Wilmer Flores delivered the clutch hit the Giants have been starved for all series
Two runs didn’t take on Tuesday, nor was it enough on Wednesday — but on Thursday, two runs was just right.
Those runs weren’t a given either. The San Francisco Giants were down 1-0 going into the 7th. They looked as helpless as they had all series against Cleveland Guardians starter Gavin Williams. The 25-year old right-hander held the Giants scoreless for six innings, giving up just two hits and three walks with six strikeouts.
I wouldn’t say the stuff Williams dealt was dominant by any means. He earned a lot of early count leverage, but labored to put hitters away. Leading off the 1st, Mike Yastrzemski forced 9-pitches out of Williams before he swung over a shoe-top cutter. So it went all game: a lot of 3-ball counts, a lot of easy takes, but the lack-of-sharpness went unpunished.
The Giants put runners on base in every frame against Williams but the 4th. They had a runner in scoring position every inning but the 4th and the 6th — yet hits were scarce, hard contact hard to come by.
Rally, as it had been all series, was a foreign concept. The Giants could piece together the beginnings of something that resembled a scoring opportunity, but they could never secure the definitive blow, or provide the finishing touches. It’s not hard to suss out why.
A substantial rally is tough to manufacture when, one, a team tries to spread two already threadbare hits (both singles with the bases empty) across six innings; two, the lead-off man is retired in every frame against the starter but one (the 3rd); and three, only once did consecutive hitters reach base against the starter, which happened with one-out in the 5th and that pressure was immediately relieved by Willy Adames rolling into a routine 6-4-3 double play. Next frame, Williams ended his day with a strike-em-out, throw-em-out double play.
That pair of two-fers were deflating to say the least. Jon Miller’s disappointment seeped out through the airwaves as he reported on Heliot Ramos being cut-down at second. At that point, scoring a run felt impossible. I The Giants were 0-for-6 batting with a runner on second going into the 7th. They were 1-for-25 with runners in scoring position in the series, their last situational knock came ages ago in the 1st inning of the first game.
But for one inning, the series narrative for the offense changed.
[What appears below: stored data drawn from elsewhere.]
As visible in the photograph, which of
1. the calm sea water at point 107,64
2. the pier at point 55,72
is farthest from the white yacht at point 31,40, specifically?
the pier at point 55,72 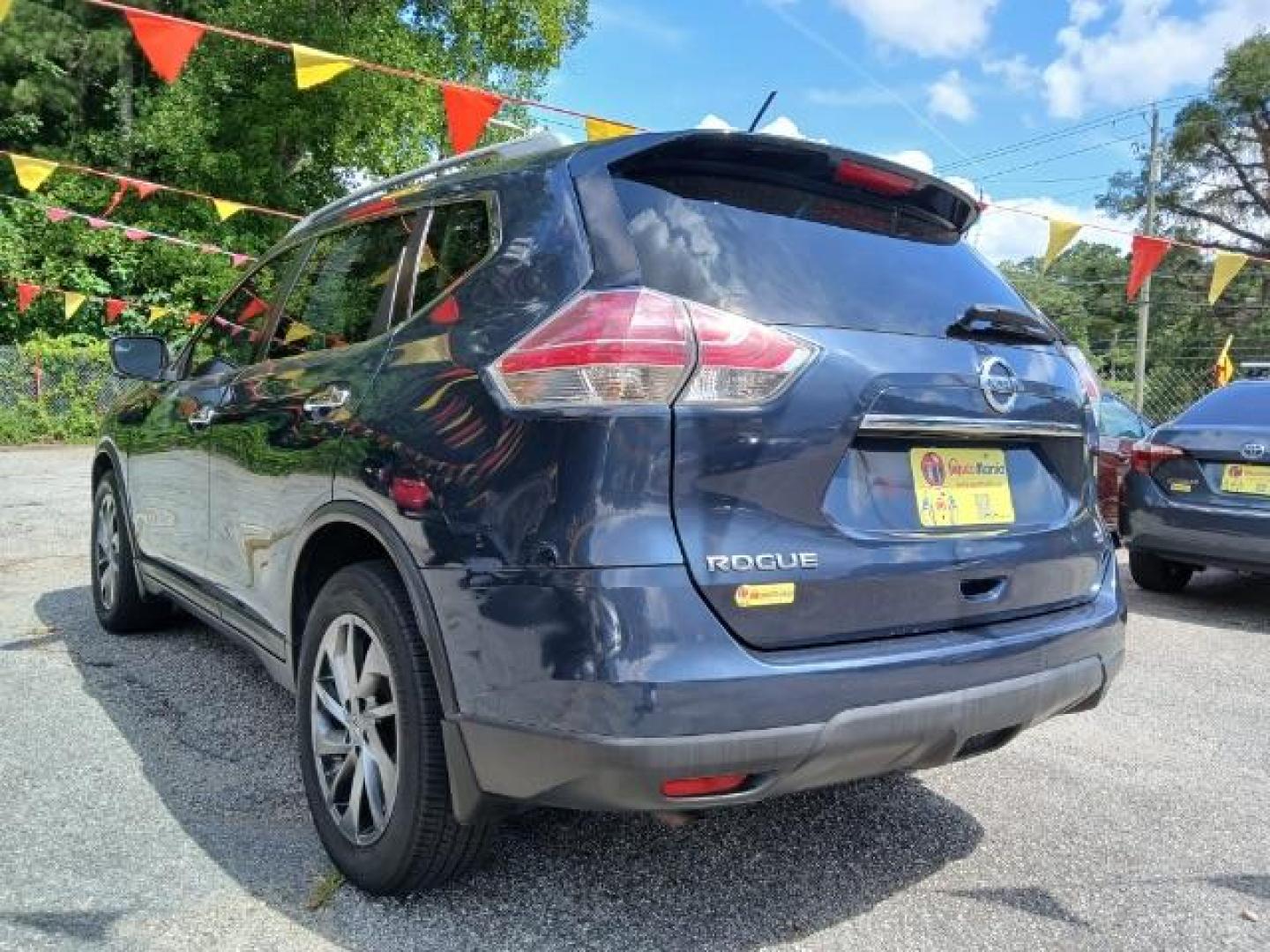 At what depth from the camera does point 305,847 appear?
2826mm

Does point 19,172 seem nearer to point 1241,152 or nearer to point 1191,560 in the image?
point 1191,560

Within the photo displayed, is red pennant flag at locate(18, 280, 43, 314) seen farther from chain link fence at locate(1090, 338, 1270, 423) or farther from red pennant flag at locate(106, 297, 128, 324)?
chain link fence at locate(1090, 338, 1270, 423)

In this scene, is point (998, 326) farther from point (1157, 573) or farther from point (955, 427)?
point (1157, 573)

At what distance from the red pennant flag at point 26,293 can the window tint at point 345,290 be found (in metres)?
16.8

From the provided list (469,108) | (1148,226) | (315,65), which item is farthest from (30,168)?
(1148,226)

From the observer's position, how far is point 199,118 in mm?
20531

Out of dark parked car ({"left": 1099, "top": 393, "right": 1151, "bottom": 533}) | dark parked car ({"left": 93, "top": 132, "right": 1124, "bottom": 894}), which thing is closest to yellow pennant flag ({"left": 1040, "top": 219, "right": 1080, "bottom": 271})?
dark parked car ({"left": 1099, "top": 393, "right": 1151, "bottom": 533})

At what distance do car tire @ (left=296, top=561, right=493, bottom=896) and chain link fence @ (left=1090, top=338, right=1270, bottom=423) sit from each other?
1570 centimetres

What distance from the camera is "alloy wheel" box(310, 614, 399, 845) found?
2486 millimetres

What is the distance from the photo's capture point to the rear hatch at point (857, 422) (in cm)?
208

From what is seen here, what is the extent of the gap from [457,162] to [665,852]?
2043 millimetres

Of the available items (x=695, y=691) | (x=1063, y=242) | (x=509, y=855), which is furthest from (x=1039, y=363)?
(x=1063, y=242)

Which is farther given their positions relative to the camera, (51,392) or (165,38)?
(51,392)

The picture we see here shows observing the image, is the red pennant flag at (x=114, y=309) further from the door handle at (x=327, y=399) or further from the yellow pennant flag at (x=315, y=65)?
the door handle at (x=327, y=399) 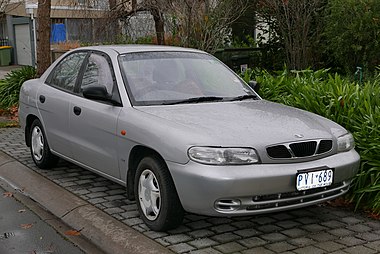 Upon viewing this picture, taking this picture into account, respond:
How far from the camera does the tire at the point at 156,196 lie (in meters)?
4.44

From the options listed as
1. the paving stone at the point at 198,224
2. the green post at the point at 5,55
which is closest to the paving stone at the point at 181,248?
the paving stone at the point at 198,224

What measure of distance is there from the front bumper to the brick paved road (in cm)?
31

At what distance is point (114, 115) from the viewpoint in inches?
203

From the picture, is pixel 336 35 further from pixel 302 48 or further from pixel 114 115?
pixel 114 115

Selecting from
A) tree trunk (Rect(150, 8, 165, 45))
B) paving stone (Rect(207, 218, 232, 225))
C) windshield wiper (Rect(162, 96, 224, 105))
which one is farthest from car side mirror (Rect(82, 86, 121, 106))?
tree trunk (Rect(150, 8, 165, 45))

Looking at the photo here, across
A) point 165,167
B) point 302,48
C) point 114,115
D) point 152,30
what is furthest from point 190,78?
point 152,30

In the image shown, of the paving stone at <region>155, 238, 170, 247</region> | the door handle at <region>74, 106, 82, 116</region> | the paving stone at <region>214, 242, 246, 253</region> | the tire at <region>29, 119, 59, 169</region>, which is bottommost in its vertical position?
the paving stone at <region>214, 242, 246, 253</region>

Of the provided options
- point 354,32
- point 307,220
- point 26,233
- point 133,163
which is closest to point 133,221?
point 133,163

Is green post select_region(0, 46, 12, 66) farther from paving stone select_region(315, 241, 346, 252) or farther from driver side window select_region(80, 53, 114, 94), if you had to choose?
paving stone select_region(315, 241, 346, 252)

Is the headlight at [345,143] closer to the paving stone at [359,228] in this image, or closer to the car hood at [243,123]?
the car hood at [243,123]

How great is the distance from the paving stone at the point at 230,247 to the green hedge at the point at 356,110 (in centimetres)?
149

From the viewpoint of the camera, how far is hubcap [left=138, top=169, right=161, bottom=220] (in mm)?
4617

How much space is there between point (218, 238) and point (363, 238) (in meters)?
1.20

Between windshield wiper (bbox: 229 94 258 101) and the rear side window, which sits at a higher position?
the rear side window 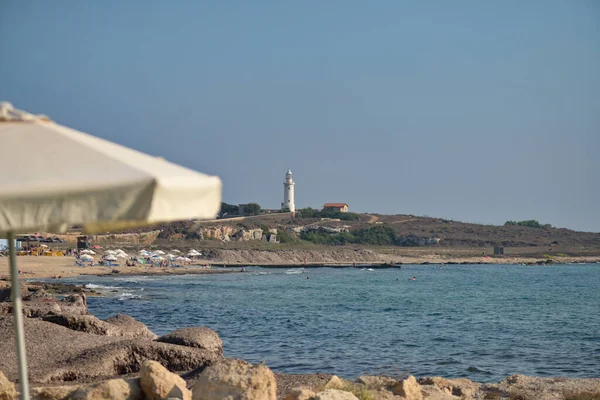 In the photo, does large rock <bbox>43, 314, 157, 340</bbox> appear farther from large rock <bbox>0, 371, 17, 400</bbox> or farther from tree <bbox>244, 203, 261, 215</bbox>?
tree <bbox>244, 203, 261, 215</bbox>

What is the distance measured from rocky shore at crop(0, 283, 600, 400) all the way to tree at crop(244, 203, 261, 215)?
5085 inches

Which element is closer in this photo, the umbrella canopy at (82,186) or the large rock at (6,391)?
the umbrella canopy at (82,186)

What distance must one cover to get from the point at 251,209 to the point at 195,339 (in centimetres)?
13268

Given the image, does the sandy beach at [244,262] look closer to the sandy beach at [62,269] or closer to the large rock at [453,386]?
the sandy beach at [62,269]

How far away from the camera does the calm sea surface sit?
16.9m

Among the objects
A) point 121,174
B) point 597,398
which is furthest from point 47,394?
point 597,398

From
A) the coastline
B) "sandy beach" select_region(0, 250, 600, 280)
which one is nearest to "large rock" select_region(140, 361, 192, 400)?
the coastline

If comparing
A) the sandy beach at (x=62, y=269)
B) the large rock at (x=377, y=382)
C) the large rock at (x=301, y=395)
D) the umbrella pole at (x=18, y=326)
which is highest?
the umbrella pole at (x=18, y=326)

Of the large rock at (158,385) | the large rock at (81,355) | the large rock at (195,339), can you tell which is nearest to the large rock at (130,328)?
the large rock at (81,355)

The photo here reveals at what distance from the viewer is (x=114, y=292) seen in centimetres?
3822

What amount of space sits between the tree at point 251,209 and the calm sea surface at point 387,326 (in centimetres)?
9843

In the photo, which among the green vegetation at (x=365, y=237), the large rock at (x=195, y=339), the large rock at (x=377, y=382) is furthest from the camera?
the green vegetation at (x=365, y=237)

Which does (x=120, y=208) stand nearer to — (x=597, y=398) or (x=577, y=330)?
(x=597, y=398)

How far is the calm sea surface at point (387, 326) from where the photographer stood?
16.9 m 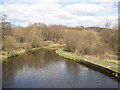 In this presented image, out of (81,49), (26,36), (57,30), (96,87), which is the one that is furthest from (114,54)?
(57,30)

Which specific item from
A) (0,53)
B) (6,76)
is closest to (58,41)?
(0,53)

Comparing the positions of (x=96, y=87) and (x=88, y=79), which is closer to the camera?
(x=96, y=87)

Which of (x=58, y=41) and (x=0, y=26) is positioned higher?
(x=0, y=26)

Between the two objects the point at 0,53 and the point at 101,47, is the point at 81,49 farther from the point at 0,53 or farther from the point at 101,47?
the point at 0,53

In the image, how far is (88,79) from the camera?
54.7 ft

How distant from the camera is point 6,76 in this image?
1833 cm

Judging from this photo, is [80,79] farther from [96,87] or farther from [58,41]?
[58,41]

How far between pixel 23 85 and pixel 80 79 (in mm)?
7237

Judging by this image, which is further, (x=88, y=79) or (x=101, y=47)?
(x=101, y=47)

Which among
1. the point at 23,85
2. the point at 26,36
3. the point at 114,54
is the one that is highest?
the point at 26,36

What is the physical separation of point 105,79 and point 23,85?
1029 centimetres

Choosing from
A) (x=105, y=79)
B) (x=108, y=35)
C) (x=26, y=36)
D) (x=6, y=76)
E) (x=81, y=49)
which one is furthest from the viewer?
(x=26, y=36)

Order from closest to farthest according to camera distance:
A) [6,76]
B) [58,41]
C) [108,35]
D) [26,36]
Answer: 1. [6,76]
2. [108,35]
3. [26,36]
4. [58,41]

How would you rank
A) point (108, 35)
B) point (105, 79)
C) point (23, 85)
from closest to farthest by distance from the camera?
point (23, 85)
point (105, 79)
point (108, 35) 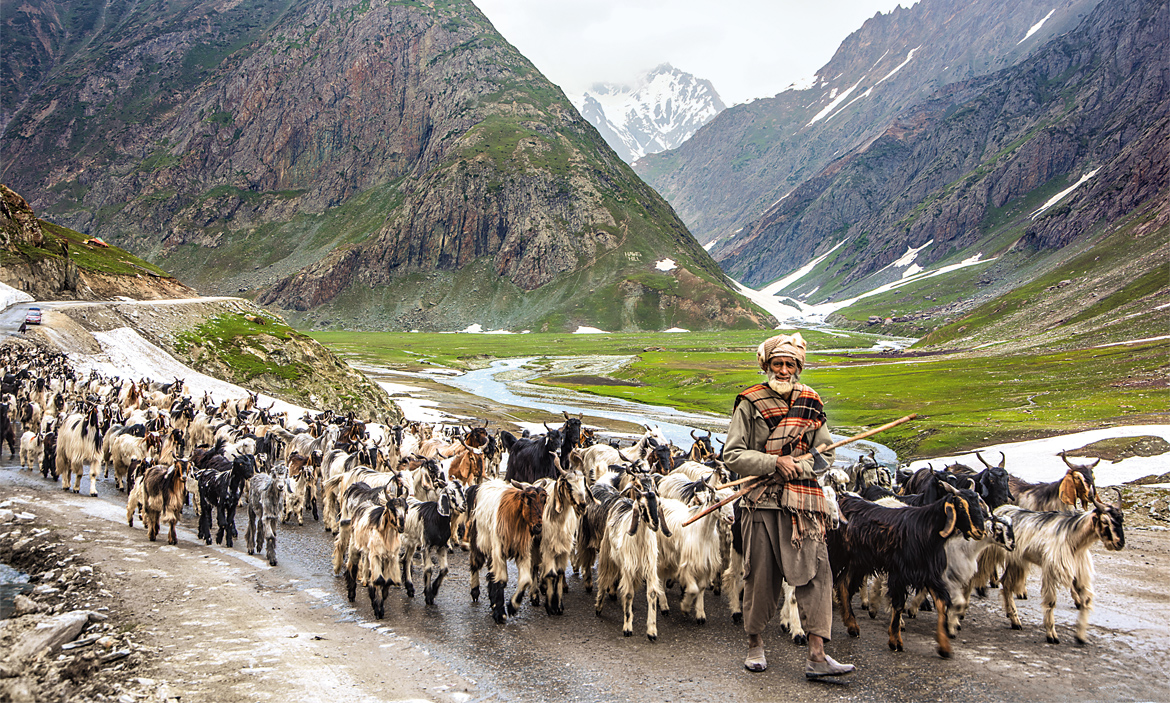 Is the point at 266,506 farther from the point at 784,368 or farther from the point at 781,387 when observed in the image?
the point at 784,368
Williams was swapped with reliever Matt Festa, who in his third consecutive game, coughed up some key missing elements to the Giants rally formula.
By allowing the lead-off runner to reach base (Casey Schmitt’s second single of the game) and allowing back-to-back baserunners with a walk to Jung Hoo Lee, the Giants finally had a fiesta gathering against Festa on the bases. But they had also been here before, and had been burned before. What was still missing was the most elusive of all: the hit with a runner on base, the hit that would score a run.
Even Bob Melvin felt like that was asking for too much. He signaled Patrick Bailey to lay down a sacrifice bunt, trade an out for 90 feet and the opportunity to tie the game on an out. That was a distinct possibility with the Giants best RBI man in Wilmer Flores ready to come off the bench.
Flo stepped in for Christian Koss, and Cleveland’s manager Stephen Vogt swapped Festa with righty Nic Enright for the right-on-right advantage. The count went 2-2. Flo fouled off a 93 MPH fastball slightly up in the zone then stayed back on a looping slider. The baseball wasn’t scorched, just well placed, rolling between the third base bag and the third baseman to easily plate two and claim the lead.
The 2-1 lead stuck. Randy Rodriguez K’ed two in the 8th, and Camilo Doval set the Guardians down in order in the 9th for his 11th save.
Good thing too, because another 1-0 loss would’ve been too much to handle for the frayed nerves of this fanbase. The Giants had already played four 1-0 games and lost three of them. Their last one spoiled 8 scoreless innings from Logan Webb, and Thursday’s lack of run support nearly blew another Webb gem.
After spinning an out-of-character cutter and four-seam heavy outing against LA, the righty returned to a more typical mix of sinker (26%) – sweeper (33%) – change (19%). He went 7 strong, allowing 1 run on 7 hits and 0 walks while striking out 9. The outing was good for his fifth consecutive quality start, giving him a dozen in 15 appearances so far.
The Flores RBI double got the Giants back in the win column — their first since Webb’s last start in LA nearly a week ago. It was their 21st comeback win on the season, helping them improve to 18-15 in one-run games.